■ **EXERCISE**: Each line of the data below must be reproduced without any change.

■ **MATERIAL FOR THIS TASK**:
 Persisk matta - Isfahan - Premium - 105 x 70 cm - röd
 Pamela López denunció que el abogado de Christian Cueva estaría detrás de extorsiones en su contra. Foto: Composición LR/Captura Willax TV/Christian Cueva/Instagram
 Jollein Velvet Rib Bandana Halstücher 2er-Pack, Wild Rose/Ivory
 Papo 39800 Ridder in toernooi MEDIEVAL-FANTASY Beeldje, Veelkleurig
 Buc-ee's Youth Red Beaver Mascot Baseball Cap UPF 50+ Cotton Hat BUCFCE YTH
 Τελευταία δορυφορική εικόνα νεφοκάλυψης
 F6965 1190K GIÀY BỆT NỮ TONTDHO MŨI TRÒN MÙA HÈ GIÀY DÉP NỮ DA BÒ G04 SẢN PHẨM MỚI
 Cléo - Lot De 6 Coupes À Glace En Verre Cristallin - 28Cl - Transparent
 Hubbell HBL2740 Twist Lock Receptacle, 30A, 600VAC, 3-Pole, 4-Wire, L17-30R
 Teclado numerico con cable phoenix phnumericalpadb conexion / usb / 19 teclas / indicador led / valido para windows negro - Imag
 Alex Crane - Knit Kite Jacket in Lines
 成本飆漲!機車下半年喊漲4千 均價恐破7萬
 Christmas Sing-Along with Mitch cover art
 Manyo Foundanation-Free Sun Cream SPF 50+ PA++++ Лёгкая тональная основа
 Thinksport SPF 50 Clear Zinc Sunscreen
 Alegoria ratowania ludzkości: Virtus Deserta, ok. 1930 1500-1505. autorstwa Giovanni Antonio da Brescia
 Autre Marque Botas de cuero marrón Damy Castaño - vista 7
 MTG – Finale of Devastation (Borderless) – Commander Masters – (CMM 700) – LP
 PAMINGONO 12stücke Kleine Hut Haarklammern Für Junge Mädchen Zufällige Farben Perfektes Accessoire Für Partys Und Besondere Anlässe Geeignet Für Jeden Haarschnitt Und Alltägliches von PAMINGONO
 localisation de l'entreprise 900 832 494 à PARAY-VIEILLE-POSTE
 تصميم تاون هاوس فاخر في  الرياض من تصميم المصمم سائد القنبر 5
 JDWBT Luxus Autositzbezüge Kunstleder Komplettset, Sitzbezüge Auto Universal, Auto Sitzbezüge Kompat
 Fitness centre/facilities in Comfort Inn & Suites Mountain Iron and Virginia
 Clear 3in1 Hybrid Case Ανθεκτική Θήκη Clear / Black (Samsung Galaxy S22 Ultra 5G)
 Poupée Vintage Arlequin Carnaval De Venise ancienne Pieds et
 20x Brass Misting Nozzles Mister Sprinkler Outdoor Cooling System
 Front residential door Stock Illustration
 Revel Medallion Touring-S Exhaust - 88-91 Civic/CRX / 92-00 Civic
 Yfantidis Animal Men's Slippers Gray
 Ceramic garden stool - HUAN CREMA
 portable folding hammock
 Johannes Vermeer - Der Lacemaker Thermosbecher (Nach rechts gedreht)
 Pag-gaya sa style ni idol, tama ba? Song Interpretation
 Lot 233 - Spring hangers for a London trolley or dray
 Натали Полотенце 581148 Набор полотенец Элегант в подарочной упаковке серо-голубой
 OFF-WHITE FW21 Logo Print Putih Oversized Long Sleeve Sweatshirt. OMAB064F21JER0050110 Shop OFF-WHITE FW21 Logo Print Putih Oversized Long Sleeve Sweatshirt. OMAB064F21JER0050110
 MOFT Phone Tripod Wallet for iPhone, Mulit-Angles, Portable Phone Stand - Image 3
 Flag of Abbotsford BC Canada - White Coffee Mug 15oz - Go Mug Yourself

■ **TASK RESPONSE**:
 Persisk matta - Isfahan - Premium - 105 x 70 cm - röd
 Pamela López denunció que el abogado de Christian Cueva estaría detrás de extorsiones en su contra. Foto: Composición LR/Captura Willax TV/Christian Cueva/Instagram
 Jollein Velvet Rib Bandana Halstücher 2er-Pack, Wild Rose/Ivory
 Papo 39800 Ridder in toernooi MEDIEVAL-FANTASY Beeldje, Veelkleurig
 Buc-ee's Youth Red Beaver Mascot Baseball Cap UPF 50+ Cotton Hat BUCFCE YTH
 Τελευταία δορυφορική εικόνα νεφοκάλυψης
 F6965 1190K GIÀY BỆT NỮ TONTDHO MŨI TRÒN MÙA HÈ GIÀY DÉP NỮ DA BÒ G04 SẢN PHẨM MỚI
 Cléo - Lot De 6 Coupes À Glace En Verre Cristallin - 28Cl - Transparent
 Hubbell HBL2740 Twist Lock Receptacle, 30A, 600VAC, 3-Pole, 4-Wire, L17-30R
 Teclado numerico con cable phoenix phnumericalpadb conexion / usb / 19 teclas / indicador led / valido para windows negro - Imag
 Alex Crane - Knit Kite Jacket in Lines
 成本飆漲!機車下半年喊漲4千 均價恐破7萬
 Christmas Sing-Along with Mitch cover art
 Manyo Foundanation-Free Sun Cream SPF 50+ PA++++ Лёгкая тональная основа
 Thinksport SPF 50 Clear Zinc Sunscreen
 Alegoria ratowania ludzkości: Virtus Deserta, ok. 1930 1500-1505. autorstwa Giovanni Antonio da Brescia
 Autre Marque Botas de cuero marrón Damy Castaño - vista 7
 MTG – Finale of Devastation (Borderless) – Commander Masters – (CMM 700) – LP
 PAMINGONO 12stücke Kleine Hut Haarklammern Für Junge Mädchen Zufällige Farben Perfektes Accessoire Für Partys Und Besondere Anlässe Geeignet Für Jeden Haarschnitt Und Alltägliches von PAMINGONO
 localisation de l'entreprise 900 832 494 à PARAY-VIEILLE-POSTE
 تصميم تاون هاوس فاخر في  الرياض من تصميم المصمم سائد القنبر 5
 JDWBT Luxus Autositzbezüge Kunstleder Komplettset, Sitzbezüge Auto Universal, Auto Sitzbezüge Kompat
 Fitness centre/facilities in Comfort Inn & Suites Mountain Iron and Virginia
 Clear 3in1 Hybrid Case Ανθεκτική Θήκη Clear / Black (Samsung Galaxy S22 Ultra 5G)
 Poupée Vintage Arlequin Carnaval De Venise ancienne Pieds et
 20x Brass Misting Nozzles Mister Sprinkler Outdoor Cooling System
 Front residential door Stock Illustration
 Revel Medallion Touring-S Exhaust - 88-91 Civic/CRX / 92-00 Civic
 Yfantidis Animal Men's Slippers Gray
 Ceramic garden stool - HUAN CREMA
 portable folding hammock
 Johannes Vermeer - Der Lacemaker Thermosbecher (Nach rechts gedreht)
 Pag-gaya sa style ni idol, tama ba? Song Interpretation
 Lot 233 - Spring hangers for a London trolley or dray
 Натали Полотенце 581148 Набор полотенец Элегант в подарочной упаковке серо-голубой
 OFF-WHITE FW21 Logo Print Putih Oversized Long Sleeve Sweatshirt. OMAB064F21JER0050110 Shop OFF-WHITE FW21 Logo Print Putih Oversized Long Sleeve Sweatshirt. OMAB064F21JER0050110
 MOFT Phone Tripod Wallet for iPhone, Mulit-Angles, Portable Phone Stand - Image 3
 Flag of Abbotsford BC Canada - White Coffee Mug 15oz - Go Mug Yourself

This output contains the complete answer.